Teachers and parents “get into trouble” when they disagree with state-defined sexual ethics, the report said.
One survey in the U.K. indicates popular perception agrees. Seventy-four percent of poll respondents said that there is more negative discrimination against Christians than people of other faiths.
The observatory also noted positive developments.
“We were pleased to note that many who have focused exclusively on third world countries that demonstrated outright persecution, are beginning to notice that the marginalization and restriction of rights and freedoms of Christians in Europe are also of concern and deserves our attention,” Kugler said in the report’s introduction.
Among the highlights for 2011 were a resolution in the Parliamentary Assembly of the Organization for Security and Cooperation in Europe that encouraged public debate on anti-Christian issues and a reassessment of legislation with the potential for negative effects on Christians.
Bishop Veres encouraged religious believers to live their faith.

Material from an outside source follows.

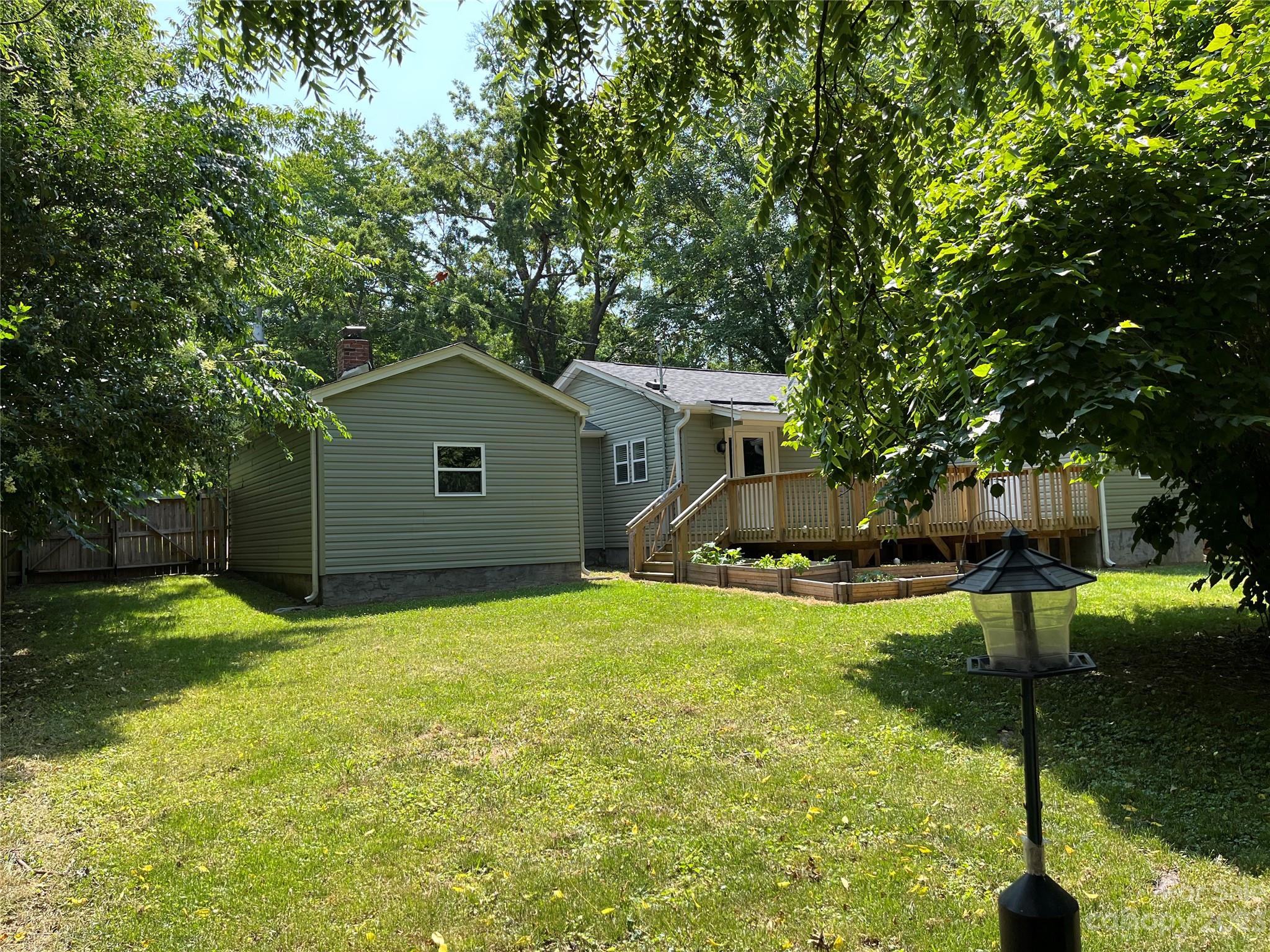 620 Central Avenue Property Photo 8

“(B)elieving in God must not be perceived as a fault or sign of weakness,” he said. “Living and witnessing to one’s own religious creed in respect for the freedom and sensitivity of others can only be beneficial for everyone, believers or non-believers, Christians or non-Christians.”
The bishops of Europe support those whose rights are not respected. Religious freedom is a “valuable good” that continues as a “pillar of peace on our continent,” the bishop said.